Do you remember just last month that corporate Office 365 users were targeted with malicious emails? Well, that was a part of the over whole Cerber ransomware campaign which servers are now shut down.
According to a blog post written by two researches from FireEye, the server used in the Cerber ransomware campaign has been shut down with the efforts of FireEye, the Computer Emergency Response Teams in the Netherlands (CERT-Netherlands), and web hosting companies.
Cerber ransomware attack used malicious spam emails that contained Micorosoft Word attachments that were infected so once the users opens up the attached document, a macro then writes a small piece of VBScript into memory and with that the encryption of users’ files has started.
Ransomware guys actually know a lot about customer service.
Just like other ransomware variants the decryptor supports 12 languages in order to finale up with the payment and they even give you discounts if you pay immediately.
Researchers definitely suggest turning off macros in order to avoid any possible problems in the future.

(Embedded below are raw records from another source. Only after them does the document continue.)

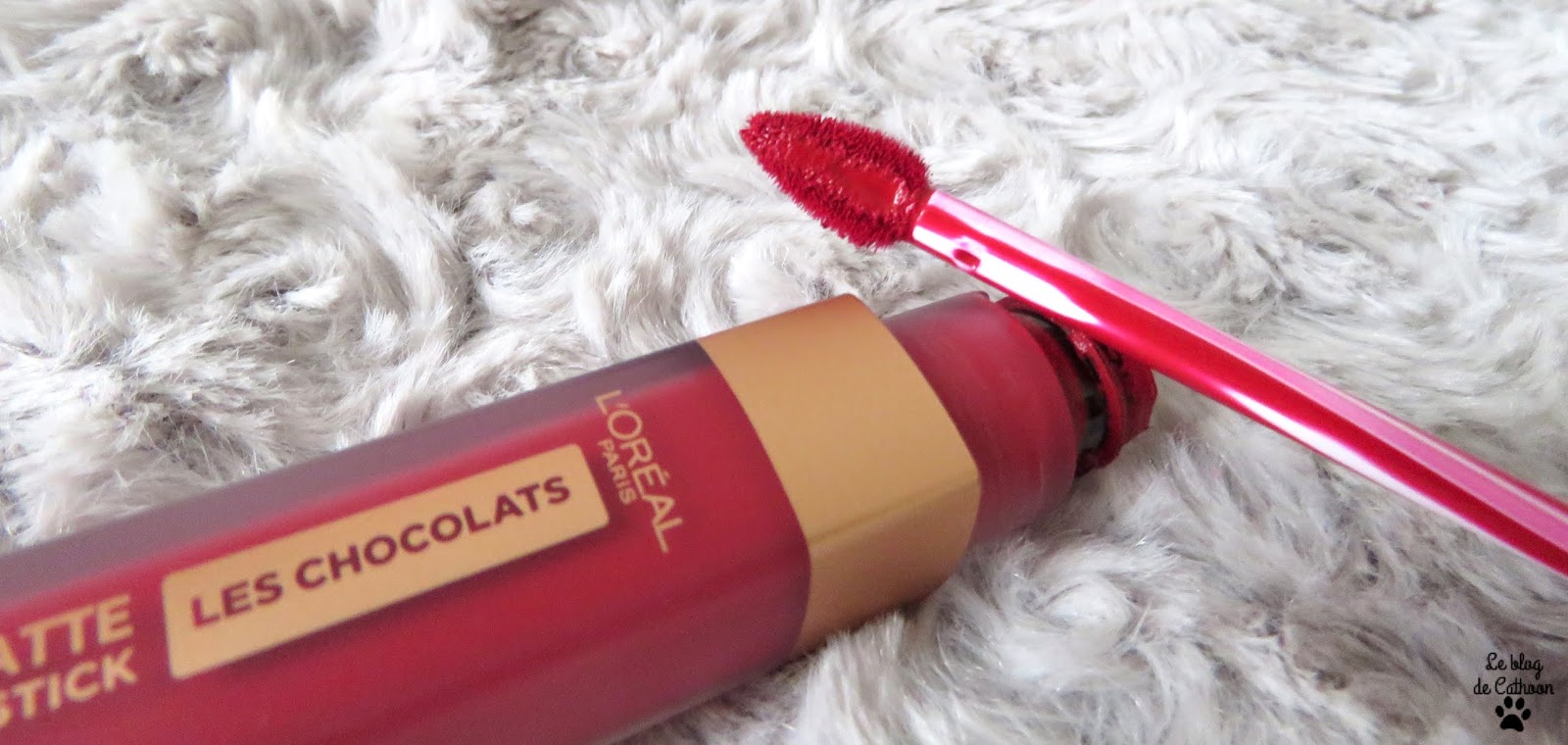 Ultra Matte - Liquid Lipstick - Les Chocolats - 864 Tasty Ruby - L'Oréal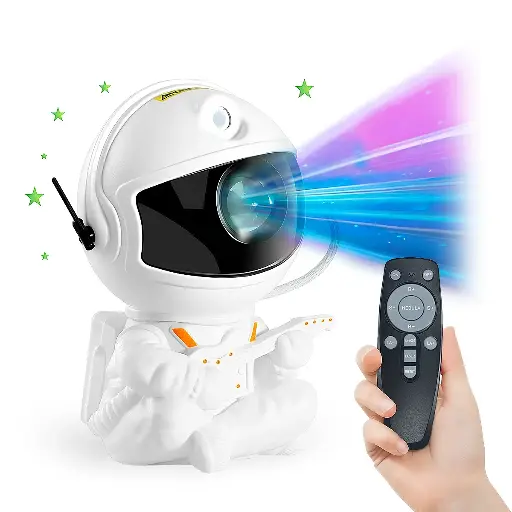 [PL/PLAB-5] PROYECTOR LED ASTRONAUTA GUITARRISTA 5W BLANCO - PRACTILED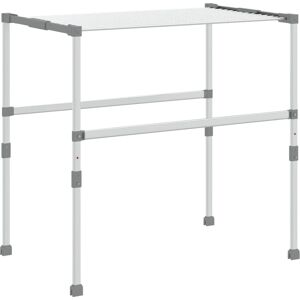 vidaXL Wäschetrockner - Aluminium - 83x(50-55)x(40-85)cm - Silber - Wäschetrockner vidaXL Wäschetrockner - Aluminium - 83x(50-55)x(40-85)cm - Silber - Wäschetrockner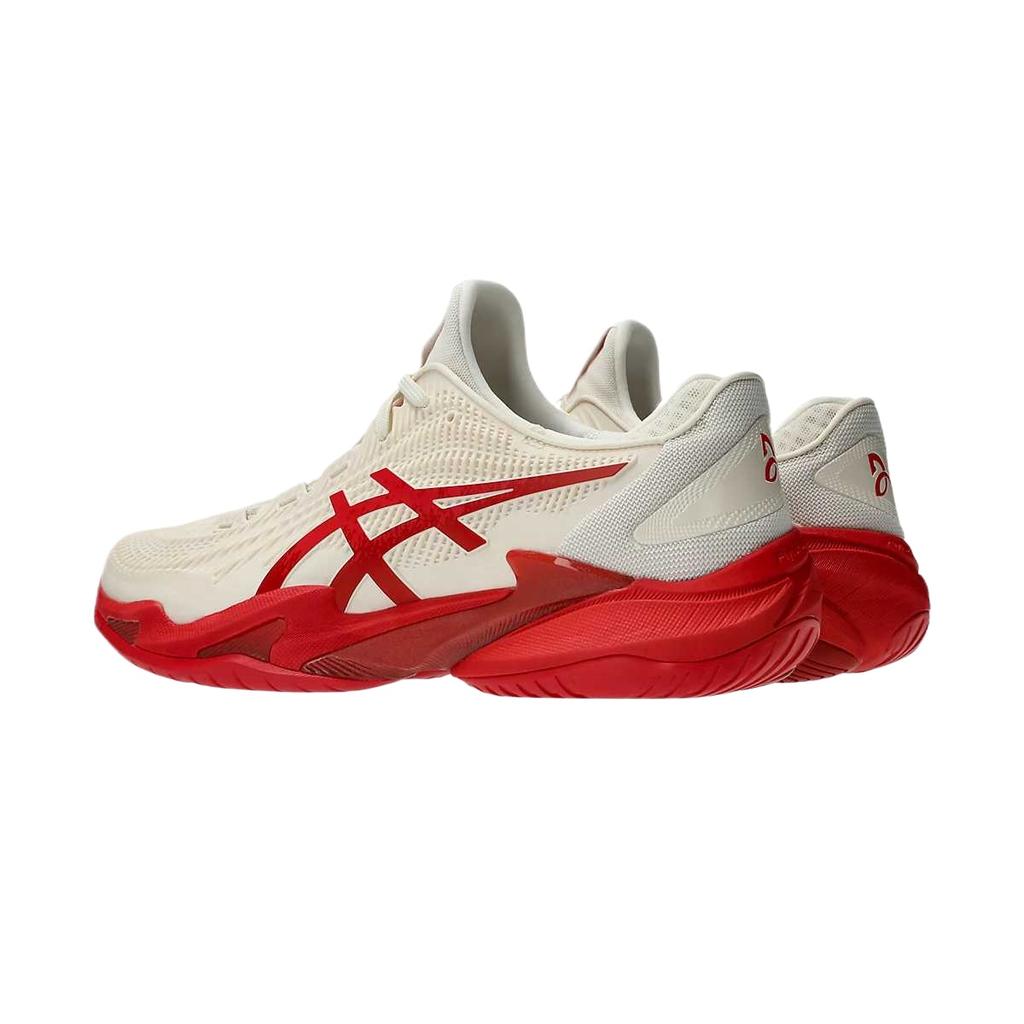 ASICS Court FF 3 Novak 'Cream Classic Red' Men's 1041A522-968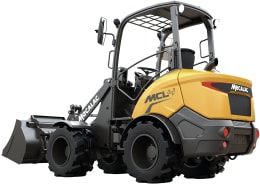 Produktbild: MECALAC Radlader MCL4, Hubkraft 2.025 daN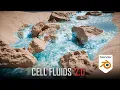 Realtime fluids in Blender CellFluids 2 0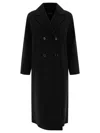 'S MAX MARA 'S MAX MARA "CAPI" WOOL COAT WITH BUTTONS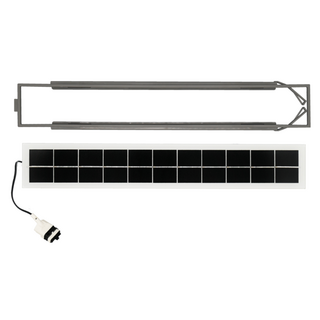 Panneau photovoltaïque PERC iD avec cadre plastique (découpe dans caisson) - Bubendorff
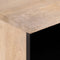 vidaXL - Tv-meubel - 100x34x46 - cm - massief - mangohout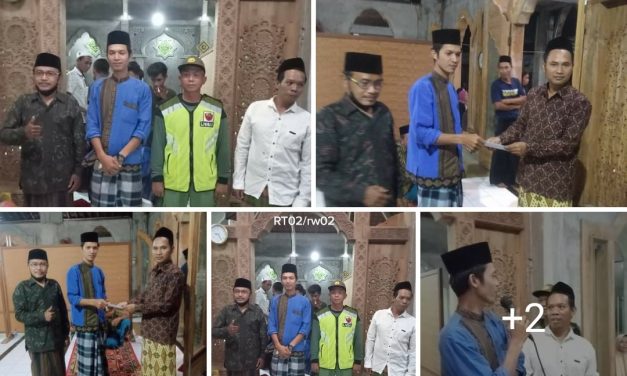 Warga Desa Dongos Jepara Adakan Pemilihan Ketua RT Serentak di Bulan Januari 2023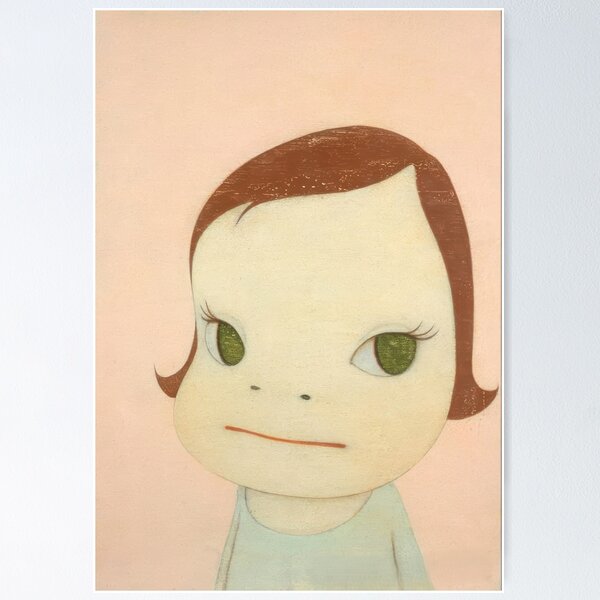 Item preview, Yoshitomo Nara (170)Nara Yoshitomo - Nara Yoshitomo - Nara Yoshitomo Canvas Print - Nara Yoshitomo poster  designed and sold by MirandaZArt.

“Disabling support for macros in documents from the Internet and increasing user awareness are two ways to reduce the likelihood of infection”.

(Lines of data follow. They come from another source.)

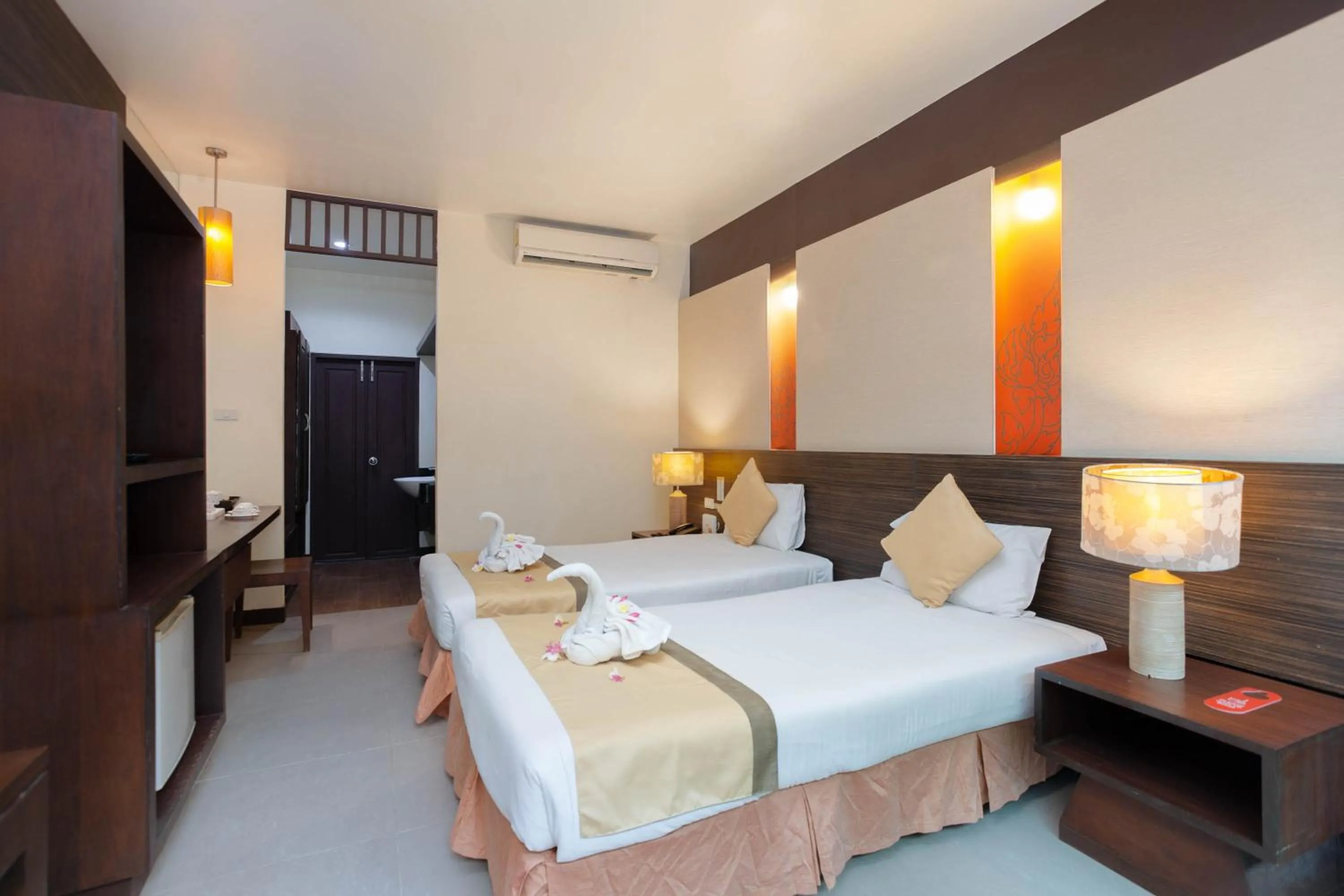 Bedroom, Bed in Al's Resort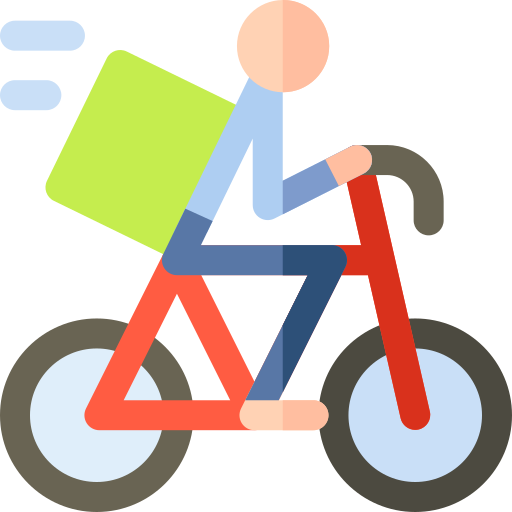 Курьер бесплатно иконка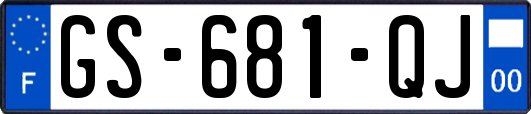 GS-681-QJ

These kind of ransomware campaigns, and similar to them, underline over and over again the vulnerabilities of cloud storage systems.

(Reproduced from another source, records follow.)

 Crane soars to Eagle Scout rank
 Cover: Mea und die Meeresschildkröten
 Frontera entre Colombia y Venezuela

Ransomware that attacks through Saas application such as Google Apps and Office 365 “was spawned by the syncing of files on a desktop, laptop or mobile device to the cloud-based file and storage system,” said Jeff Erramouspe, GM of EMC's Spanning unit.
“From there, the malware can be transmitted to other employee, customer and partner data as well since many of these systems are collaborative in nature.”
This is probably just the beginning of the increasing ransomware attacks targeting these SaaS apps.